When you enter the man command, Unix displays the entire manual page. Sometimes, however, you only want a quick description. In such cases, you have an alternative. As I explained above, the Name section of a man page contains a one-line description. If all you want to see is this single line, type man -f, followed by the names of one or more commands. For example: man -f time date In this form of the man command, the -f is called an option. (We will discuss options in Chapter 10.) The letter f stands for the word "files". Each man page is stored in a separate file; when you use the -f option, you are telling man which files to look at. As a convenience, you can use the command whatis as a synonym for man -f. For example, if you want to display the time, but you are not sure whether to use time or date, enter either of these commands:
whatis time date
You will see something like this:
date (1) - print or set the system date and time
You can ignore the last two lines as they do not refer to Section 1 of the manual. Looking at the first two lines, you see that the command you want is date. The time command actually measures how long it takes for a program or command to execute. As you know, when you enter the man command, you can specify a particular section number (such as man 1 date). With man -f or whatis, you cannot be so specific. Unix will always search the entire manual. Thus, a good way to find out what your manual contains is to enter: whatis intro You will see quick summaries of each of the intro pages. (Try it.) Note: For the whatis command to work properly, the man pages must be preprocessed in a certain way. This involves collecting all the one-line descriptions and storing them in certain files. It is these files that whatis searches, not the actual manual (that would be far too slow). If the preprocessing has not been carried out, whatis will not return useful information. If this is the case on your system, talk to your system administrator.

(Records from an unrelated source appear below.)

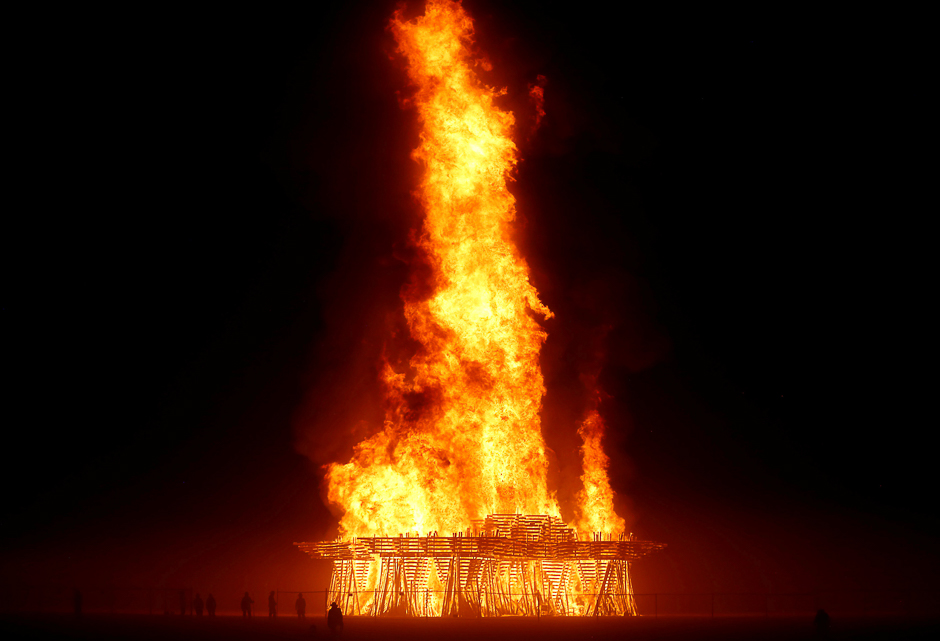 Participants walk to The Temple burn as approximately 70,000 people from all over the world gathered for the annual Burning Man arts and music festival in the Black Rock Desert of Nevada, US. PHOTO: REUTERS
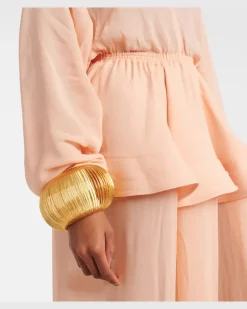 Alaïa Armreif Slinky Gold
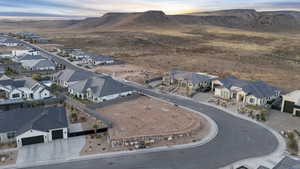 Birds eye view of property with a residential view and a mountain view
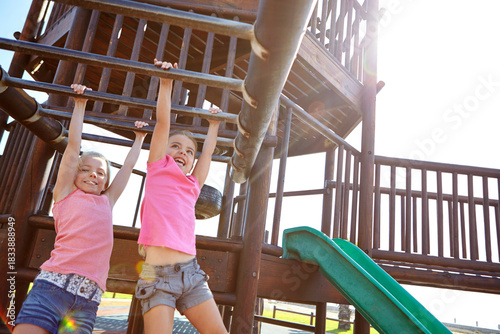 Foto Happy girl, friends or hanging with monkey bars for playful childhood or fun outdoor summer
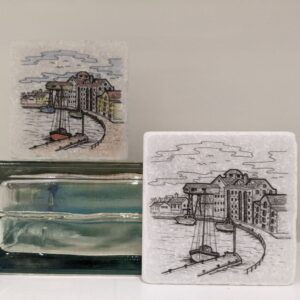 Two handmade ceramic tiles featuring illustrated harbour scenes with boats, buildings and waterfront detailing.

When you want to learn about a specific command, you can use man to display the man page for that command. What if you know what you want to do, but you are not sure which command to use? The solution is to use man with the -k option. This searches for commands whose NAME sections contain specified keywords. (The letter k stands for "keyword".) For example, say you want to find all the entries in the manual that have something to do with the manual itself. Enter: man -k manual As a convenience, you can use the single word apropos as a synonym for man -k: apropos manual Note: When you pronounce apropos, the accent is on the last syllable, and the "s" is silent: a-pro-poe'. This is because the name comes from a French expression and, in French, an "s" at the end of the word is normally not pronounced(*). * Footnote French people are good at spelling, but bad at pronouncing. The apropos command searches through all the one-line command descriptions, looking for those that contain the same string of characters you specified. To make the command more powerful, Unix does not distinguish between upper- and lowercase. Here is some sample output from the previous example.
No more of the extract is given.